I saw the title and thought ..........awwwwwwwww hell !


----------



## Professor Jones (Nov 17, 2005)

I think it is your decision. If it feels good to you, then do it. Depending on the acreage, I do not think a high fence is cheating. I have hunted a certain buck for two years and have not had a good shot at him. I thought maybe he had died, but I saw some gamecam pictures of him last month. I will be after him again this year. 5,000 acres high fenced.

Professor Jones


----------



## Long Pole (Jun 5, 2008)

Bukmstr said:


> I dont see any difference than a guy sitting in a blind waiting for the feeder to go off, and see what comes out. Do you consider that hunting or waiting for them to come to you???........Go for it dude, this is how we roll in Texas. It is what it is.
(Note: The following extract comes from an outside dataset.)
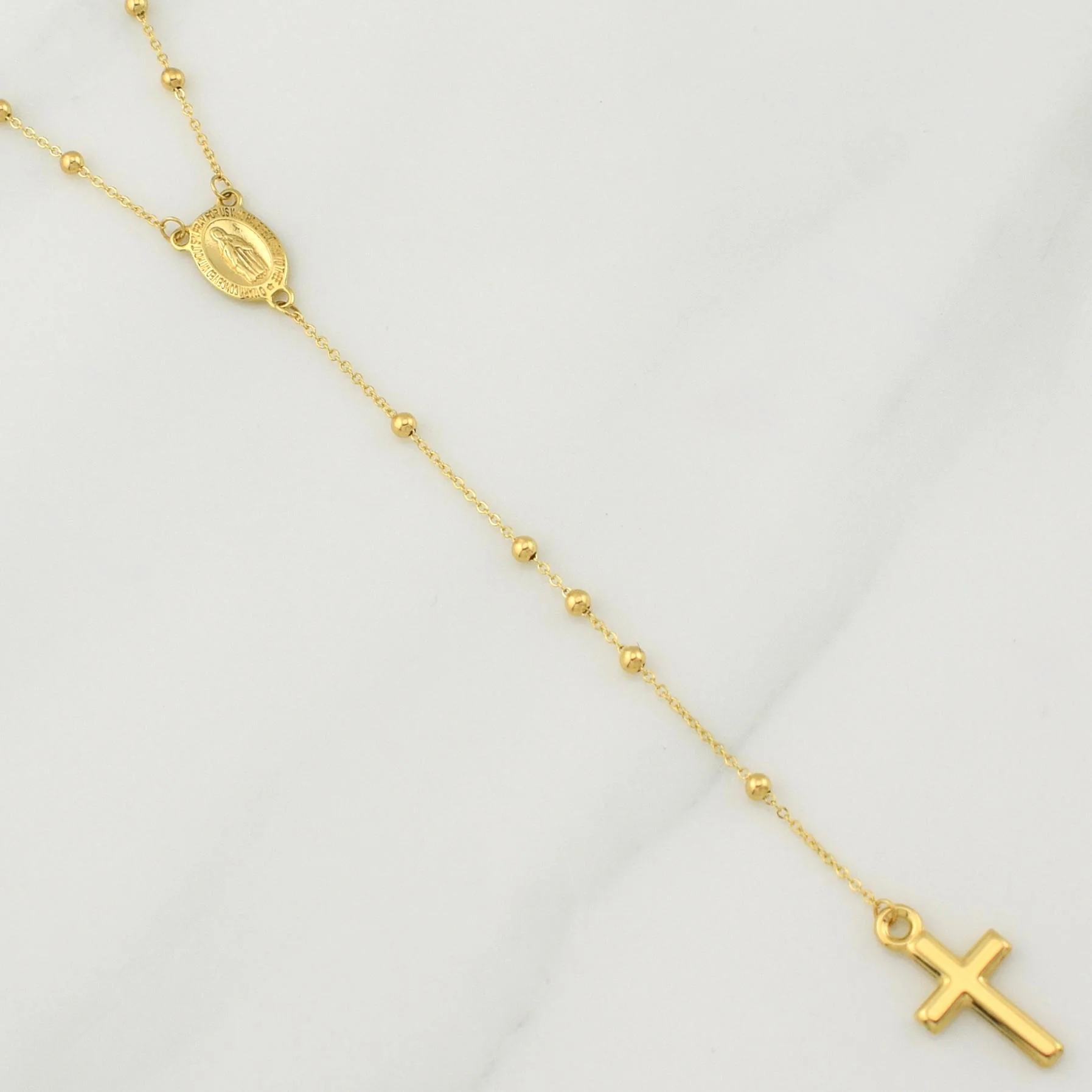 Rosario Virgen Milagrosa 2.9gr / 18 in / 1.8mm Oro Amarillo +4 18K !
Now this thing will go another 15 pages to settle that one...:biggrin:

I personally like hunting at night, sittin in the house with spot lights on the garden. Sprinkle a lil corn out there at the edge to get them just close enough....


----------



## 24Buds (Dec 5, 2008)

:cheers:


Bukmstr said:


> I dont see any difference than a guy sitting in a blind waiting for the feeder to go off, and see what comes out. Do you consider that hunting or waiting for them to come to you???........Go for it dude, this is how we roll in Texas. It is what it is.


 Yea right! I do it and so do most of yall. Not all but most. I live in a concrete jungle, and don't own a few hundred acres so do what ya got to do so long as its lega. I have shot deer sitting in a stand after watching them eat the corn, clover, peas' etc that were planted just for that!

15 pages more as Long Pole said FLAME ON:cheers:


----------



## Rubberback (Sep 9, 2008)

24Buds said:


> :cheers:
> Yea right! I do it and so do most of yall. Not all but most. I live in a concrete jungle, and don't own a few hundred acres so do what ya got to do so long as its lega. I have shot deer sitting in a stand after watching them eat the corn, clover, peas' etc that were planted just for that!
> 
> 15 pages more as Long Pole said FLAME ON:cheers:


Your right & so is long pole. Maybe 20 more pages. It all boils down to where your hunting.


----------



## royboy42 (Apr 28, 2007)

I personally have no interest in hunting high fenced properties, but at same time I dont see anything wrong with it. I just like the idea of hunting deer that are a lil more wild and not someones farm animal. I feel more proud of a big low fenced deer than a high fenced animal personally. But I have friends that pay big $$ to hunt exotics on high fenced land and they love it, so I guess...to each his own. I just love beng out in the woods one way or the other!!


----------



## mcmahanb (Oct 24, 2005)

I'll add my two cents too. Its not cheating, but its also not hunting, its shooting. However, I love elk meat and wouldn't hesitate to go on that "shoot" if inviited.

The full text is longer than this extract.